::: Listed entries :::

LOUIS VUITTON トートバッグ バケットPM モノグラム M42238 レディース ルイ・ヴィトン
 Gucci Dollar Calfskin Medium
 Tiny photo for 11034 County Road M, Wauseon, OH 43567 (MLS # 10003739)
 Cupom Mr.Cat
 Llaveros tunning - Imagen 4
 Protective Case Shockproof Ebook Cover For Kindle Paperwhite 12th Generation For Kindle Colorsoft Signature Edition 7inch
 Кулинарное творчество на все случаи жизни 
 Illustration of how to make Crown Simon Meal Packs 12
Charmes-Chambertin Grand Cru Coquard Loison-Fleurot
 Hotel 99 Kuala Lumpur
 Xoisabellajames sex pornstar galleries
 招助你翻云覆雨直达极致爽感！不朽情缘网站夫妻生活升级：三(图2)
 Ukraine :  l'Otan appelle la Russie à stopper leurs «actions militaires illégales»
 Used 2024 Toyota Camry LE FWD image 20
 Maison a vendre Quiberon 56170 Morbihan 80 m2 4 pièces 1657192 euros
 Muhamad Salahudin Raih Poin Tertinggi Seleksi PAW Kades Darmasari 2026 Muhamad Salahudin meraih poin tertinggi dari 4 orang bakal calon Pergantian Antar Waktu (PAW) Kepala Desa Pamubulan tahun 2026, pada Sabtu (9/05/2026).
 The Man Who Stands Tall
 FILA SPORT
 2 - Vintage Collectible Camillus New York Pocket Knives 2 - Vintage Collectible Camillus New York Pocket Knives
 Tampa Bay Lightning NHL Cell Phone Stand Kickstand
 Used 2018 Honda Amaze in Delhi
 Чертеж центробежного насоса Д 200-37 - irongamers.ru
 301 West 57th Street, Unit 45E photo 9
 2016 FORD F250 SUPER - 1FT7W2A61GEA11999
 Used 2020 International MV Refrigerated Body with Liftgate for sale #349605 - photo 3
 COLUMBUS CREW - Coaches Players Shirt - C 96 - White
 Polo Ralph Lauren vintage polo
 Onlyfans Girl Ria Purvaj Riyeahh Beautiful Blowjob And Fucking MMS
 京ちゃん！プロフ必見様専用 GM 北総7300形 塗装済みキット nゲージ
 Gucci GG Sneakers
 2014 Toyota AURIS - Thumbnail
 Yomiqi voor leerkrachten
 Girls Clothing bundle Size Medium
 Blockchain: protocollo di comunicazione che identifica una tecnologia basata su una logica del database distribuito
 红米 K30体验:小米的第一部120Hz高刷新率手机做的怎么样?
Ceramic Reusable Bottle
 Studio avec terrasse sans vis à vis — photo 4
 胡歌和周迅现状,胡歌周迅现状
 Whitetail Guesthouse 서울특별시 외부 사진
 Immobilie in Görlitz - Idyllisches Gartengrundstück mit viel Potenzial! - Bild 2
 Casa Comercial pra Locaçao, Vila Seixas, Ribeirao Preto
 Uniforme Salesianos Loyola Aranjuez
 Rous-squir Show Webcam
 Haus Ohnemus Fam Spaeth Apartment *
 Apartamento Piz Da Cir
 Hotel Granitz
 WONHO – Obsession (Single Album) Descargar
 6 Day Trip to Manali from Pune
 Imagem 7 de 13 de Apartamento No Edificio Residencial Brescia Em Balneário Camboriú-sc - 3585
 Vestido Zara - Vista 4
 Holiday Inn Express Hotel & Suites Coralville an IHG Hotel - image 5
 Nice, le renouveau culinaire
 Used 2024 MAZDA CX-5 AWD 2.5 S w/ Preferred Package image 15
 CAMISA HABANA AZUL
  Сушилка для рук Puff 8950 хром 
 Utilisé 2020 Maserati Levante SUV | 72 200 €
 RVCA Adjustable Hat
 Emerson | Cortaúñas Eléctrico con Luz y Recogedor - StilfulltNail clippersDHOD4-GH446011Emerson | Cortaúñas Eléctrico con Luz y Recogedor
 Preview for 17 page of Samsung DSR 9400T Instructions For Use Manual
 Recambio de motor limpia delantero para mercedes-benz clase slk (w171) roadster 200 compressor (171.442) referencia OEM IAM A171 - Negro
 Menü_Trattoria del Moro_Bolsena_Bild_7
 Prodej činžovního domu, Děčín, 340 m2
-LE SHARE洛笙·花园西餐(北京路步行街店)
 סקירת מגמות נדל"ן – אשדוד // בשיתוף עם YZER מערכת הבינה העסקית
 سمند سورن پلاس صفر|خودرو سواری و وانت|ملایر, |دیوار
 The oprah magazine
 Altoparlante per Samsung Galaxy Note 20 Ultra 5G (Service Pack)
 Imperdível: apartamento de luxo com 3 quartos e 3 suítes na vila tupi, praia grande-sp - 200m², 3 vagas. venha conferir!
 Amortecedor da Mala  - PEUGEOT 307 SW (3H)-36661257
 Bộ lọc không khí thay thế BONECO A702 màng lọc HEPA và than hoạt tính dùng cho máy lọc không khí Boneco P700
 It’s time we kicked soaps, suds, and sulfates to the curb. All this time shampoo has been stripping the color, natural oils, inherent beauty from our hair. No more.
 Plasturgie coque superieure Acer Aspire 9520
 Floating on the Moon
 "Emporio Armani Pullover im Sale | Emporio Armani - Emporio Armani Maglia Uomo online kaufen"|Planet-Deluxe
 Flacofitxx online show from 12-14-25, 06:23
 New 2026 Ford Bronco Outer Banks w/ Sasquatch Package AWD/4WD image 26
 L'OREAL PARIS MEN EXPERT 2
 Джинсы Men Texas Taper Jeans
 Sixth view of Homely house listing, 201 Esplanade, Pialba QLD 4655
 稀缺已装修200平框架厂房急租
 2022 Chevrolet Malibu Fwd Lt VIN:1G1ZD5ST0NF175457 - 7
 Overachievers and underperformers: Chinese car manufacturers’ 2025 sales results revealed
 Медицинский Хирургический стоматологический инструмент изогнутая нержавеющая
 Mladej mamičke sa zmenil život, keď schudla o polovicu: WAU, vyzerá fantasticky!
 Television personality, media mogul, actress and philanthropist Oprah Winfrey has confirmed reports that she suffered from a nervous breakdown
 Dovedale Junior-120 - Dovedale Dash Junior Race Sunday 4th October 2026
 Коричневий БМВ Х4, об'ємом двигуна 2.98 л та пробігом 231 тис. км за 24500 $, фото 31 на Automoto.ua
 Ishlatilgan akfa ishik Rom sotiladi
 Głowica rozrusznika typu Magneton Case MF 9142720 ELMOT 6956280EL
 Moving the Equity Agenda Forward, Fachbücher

:::

[Required action]
Write out the entire listing so that each line matches the original exactly.

[Answer for the task]
LOUIS VUITTON トートバッグ バケットPM モノグラム M42238 レディース ルイ・ヴィトン
 Gucci Dollar Calfskin Medium
 Tiny photo for 11034 County Road M, Wauseon, OH 43567 (MLS # 10003739)
 Cupom Mr.Cat
 Llaveros tunning - Imagen 4
 Protective Case Shockproof Ebook Cover For Kindle Paperwhite 12th Generation For Kindle Colorsoft Signature Edition 7inch
 Кулинарное творчество на все случаи жизни 
 Illustration of how to make Crown Simon Meal Packs 12
Charmes-Chambertin Grand Cru Coquard Loison-Fleurot
 Hotel 99 Kuala Lumpur
 Xoisabellajames sex pornstar galleries
 招助你翻云覆雨直达极致爽感！不朽情缘网站夫妻生活升级：三(图2)
 Ukraine :  l'Otan appelle la Russie à stopper leurs «actions militaires illégales»
 Used 2024 Toyota Camry LE FWD image 20
 Maison a vendre Quiberon 56170 Morbihan 80 m2 4 pièces 1657192 euros
 Muhamad Salahudin Raih Poin Tertinggi Seleksi PAW Kades Darmasari 2026 Muhamad Salahudin meraih poin tertinggi dari 4 orang bakal calon Pergantian Antar Waktu (PAW) Kepala Desa Pamubulan tahun 2026, pada Sabtu (9/05/2026).
 The Man Who Stands Tall
 FILA SPORT
 2 - Vintage Collectible Camillus New York Pocket Knives 2 - Vintage Collectible Camillus New York Pocket Knives
 Tampa Bay Lightning NHL Cell Phone Stand Kickstand
 Used 2018 Honda Amaze in Delhi
 Чертеж центробежного насоса Д 200-37 - irongamers.ru
 301 West 57th Street, Unit 45E photo 9
 2016 FORD F250 SUPER - 1FT7W2A61GEA11999
 Used 2020 International MV Refrigerated Body with Liftgate for sale #349605 - photo 3
 COLUMBUS CREW - Coaches Players Shirt - C 96 - White
 Polo Ralph Lauren vintage polo
 Onlyfans Girl Ria Purvaj Riyeahh Beautiful Blowjob And Fucking MMS
 京ちゃん！プロフ必見様専用 GM 北総7300形 塗装済みキット nゲージ
 Gucci GG Sneakers
 2014 Toyota AURIS - Thumbnail
 Yomiqi voor leerkrachten
 Girls Clothing bundle Size Medium
 Blockchain: protocollo di comunicazione che identifica una tecnologia basata su una logica del database distribuito
 红米 K30体验:小米的第一部120Hz高刷新率手机做的怎么样?
Ceramic Reusable Bottle
 Studio avec terrasse sans vis à vis — photo 4
 胡歌和周迅现状,胡歌周迅现状
 Whitetail Guesthouse 서울특별시 외부 사진
 Immobilie in Görlitz - Idyllisches Gartengrundstück mit viel Potenzial! - Bild 2
 Casa Comercial pra Locaçao, Vila Seixas, Ribeirao Preto
 Uniforme Salesianos Loyola Aranjuez
 Rous-squir Show Webcam
 Haus Ohnemus Fam Spaeth Apartment *
 Apartamento Piz Da Cir
 Hotel Granitz
 WONHO – Obsession (Single Album) Descargar
 6 Day Trip to Manali from Pune
 Imagem 7 de 13 de Apartamento No Edificio Residencial Brescia Em Balneário Camboriú-sc - 3585
 Vestido Zara - Vista 4
 Holiday Inn Express Hotel & Suites Coralville an IHG Hotel - image 5
 Nice, le renouveau culinaire
 Used 2024 MAZDA CX-5 AWD 2.5 S w/ Preferred Package image 15
 CAMISA HABANA AZUL
  Сушилка для рук Puff 8950 хром 
 Utilisé 2020 Maserati Levante SUV | 72 200 €
 RVCA Adjustable Hat
 Emerson | Cortaúñas Eléctrico con Luz y Recogedor - StilfulltNail clippersDHOD4-GH446011Emerson | Cortaúñas Eléctrico con Luz y Recogedor
 Preview for 17 page of Samsung DSR 9400T Instructions For Use Manual
 Recambio de motor limpia delantero para mercedes-benz clase slk (w171) roadster 200 compressor (171.442) referencia OEM IAM A171 - Negro
 Menü_Trattoria del Moro_Bolsena_Bild_7
 Prodej činžovního domu, Děčín, 340 m2
-LE SHARE洛笙·花园西餐(北京路步行街店)
 סקירת מגמות נדל"ן – אשדוד // בשיתוף עם YZER מערכת הבינה העסקית
 سمند سورن پلاس صفر|خودرو سواری و وانت|ملایر, |دیوار
 The oprah magazine
 Altoparlante per Samsung Galaxy Note 20 Ultra 5G (Service Pack)
 Imperdível: apartamento de luxo com 3 quartos e 3 suítes na vila tupi, praia grande-sp - 200m², 3 vagas. venha conferir!
 Amortecedor da Mala  - PEUGEOT 307 SW (3H)-36661257
 Bộ lọc không khí thay thế BONECO A702 màng lọc HEPA và than hoạt tính dùng cho máy lọc không khí Boneco P700
 It’s time we kicked soaps, suds, and sulfates to the curb. All this time shampoo has been stripping the color, natural oils, inherent beauty from our hair. No more.
 Plasturgie coque superieure Acer Aspire 9520
 Floating on the Moon
 "Emporio Armani Pullover im Sale | Emporio Armani - Emporio Armani Maglia Uomo online kaufen"|Planet-Deluxe
 Flacofitxx online show from 12-14-25, 06:23
 New 2026 Ford Bronco Outer Banks w/ Sasquatch Package AWD/4WD image 26
 L'OREAL PARIS MEN EXPERT 2
 Джинсы Men Texas Taper Jeans
 Sixth view of Homely house listing, 201 Esplanade, Pialba QLD 4655
 稀缺已装修200平框架厂房急租
 2022 Chevrolet Malibu Fwd Lt VIN:1G1ZD5ST0NF175457 - 7
 Overachievers and underperformers: Chinese car manufacturers’ 2025 sales results revealed
 Медицинский Хирургический стоматологический инструмент изогнутая нержавеющая
 Mladej mamičke sa zmenil život, keď schudla o polovicu: WAU, vyzerá fantasticky!
 Television personality, media mogul, actress and philanthropist Oprah Winfrey has confirmed reports that she suffered from a nervous breakdown
 Dovedale Junior-120 - Dovedale Dash Junior Race Sunday 4th October 2026
 Коричневий БМВ Х4, об'ємом двигуна 2.98 л та пробігом 231 тис. км за 24500 $, фото 31 на Automoto.ua
 Ishlatilgan akfa ishik Rom sotiladi
 Głowica rozrusznika typu Magneton Case MF 9142720 ELMOT 6956280EL
 Moving the Equity Agenda Forward, Fachbücher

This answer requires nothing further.